Book Study: Reciprocal Teaching at Work K-12 Chapter 3

10:11 AM Sarah Koves 0 Comments

Every week we will be posting our primary (Christina) and secondary (me) reflections on Reciprocal Teaching at work k-12 by Lori Oczus. Grab your own copy, so you can join us this month talking about reading comprehension.

Chapter 3 is all about whole class instruction.

There are copious examples and ideas for how to use Reciprocal Teaching in whole class instruction. Lori also addresses some of the concerns educators have about using whole class instructions and why we should use it- sparingly.

One of the most important reasons to use whole class instruction is to model how to use reciprocal teaching.
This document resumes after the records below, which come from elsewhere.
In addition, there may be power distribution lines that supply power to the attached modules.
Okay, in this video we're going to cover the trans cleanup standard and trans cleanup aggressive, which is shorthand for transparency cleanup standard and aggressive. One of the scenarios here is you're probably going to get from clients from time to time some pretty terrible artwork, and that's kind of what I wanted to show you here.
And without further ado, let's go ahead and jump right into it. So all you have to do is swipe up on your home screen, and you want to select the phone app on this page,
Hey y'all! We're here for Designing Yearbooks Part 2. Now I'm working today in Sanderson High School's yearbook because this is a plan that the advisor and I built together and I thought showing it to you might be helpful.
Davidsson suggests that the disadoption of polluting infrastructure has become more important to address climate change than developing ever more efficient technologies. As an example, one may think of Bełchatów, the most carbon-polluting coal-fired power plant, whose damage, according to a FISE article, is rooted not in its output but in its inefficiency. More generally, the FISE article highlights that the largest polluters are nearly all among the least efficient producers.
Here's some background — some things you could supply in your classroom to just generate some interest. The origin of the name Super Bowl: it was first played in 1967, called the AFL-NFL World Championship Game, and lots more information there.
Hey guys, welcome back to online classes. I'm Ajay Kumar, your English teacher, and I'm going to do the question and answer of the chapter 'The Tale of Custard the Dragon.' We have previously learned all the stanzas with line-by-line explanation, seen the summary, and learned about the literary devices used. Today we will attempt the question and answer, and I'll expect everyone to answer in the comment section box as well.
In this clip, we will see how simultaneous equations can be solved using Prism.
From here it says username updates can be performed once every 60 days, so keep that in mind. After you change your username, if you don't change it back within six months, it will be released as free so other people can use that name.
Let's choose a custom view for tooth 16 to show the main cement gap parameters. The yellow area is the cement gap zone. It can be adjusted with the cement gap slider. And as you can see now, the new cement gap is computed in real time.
She also talks about building a sense of community and a common knowledge base. Students also need to see/hear how other students make sense of their reading, and everyone brings different background knowledge to the text.

Lori outlines an example of whole class instruction using a nonfiction article. This is a great way to illustrate these strategies because teachers at every grade and in every content can replicate this for their texts. Tweet: Teachers at every grade and in every content can replicate this for their texts: @cera0316 #teachingreading I see myself using this with sections of our AP Psychology text and to look at our own writing in our new journalism class next year especially early on in the year.

While whole class instruction implies the idea of the teacher talking at a class full of students whose undivided attention is on the teacher, what whole class instruction actually looks like in Reciprocal Teaching is think-pair-small group-whole class. After the teacher models the strategies with the text, the students are gradually given responsibility of the reading and check in with their elbow partners and table groups.

This strategy going to be fairly easy for me to institute because I have tables for two that are grouped into 4s in my room, so my groups are build in from day 1 of my class. I also believe that using this with articles and poems in my classes will provide a short text for students to practice with.

In psychology I would begin by previewing the chapter and thinking aloud about my predictions about what the topics we will be studying will be. Our text also has an introduction to each chapter, so I would read that aloud and share my thinking with students. Students would then write questions they want answers to from the preview, which we will share whole class before starting the chapter. Then students would pair or individually read the first section and share their thinking at the table.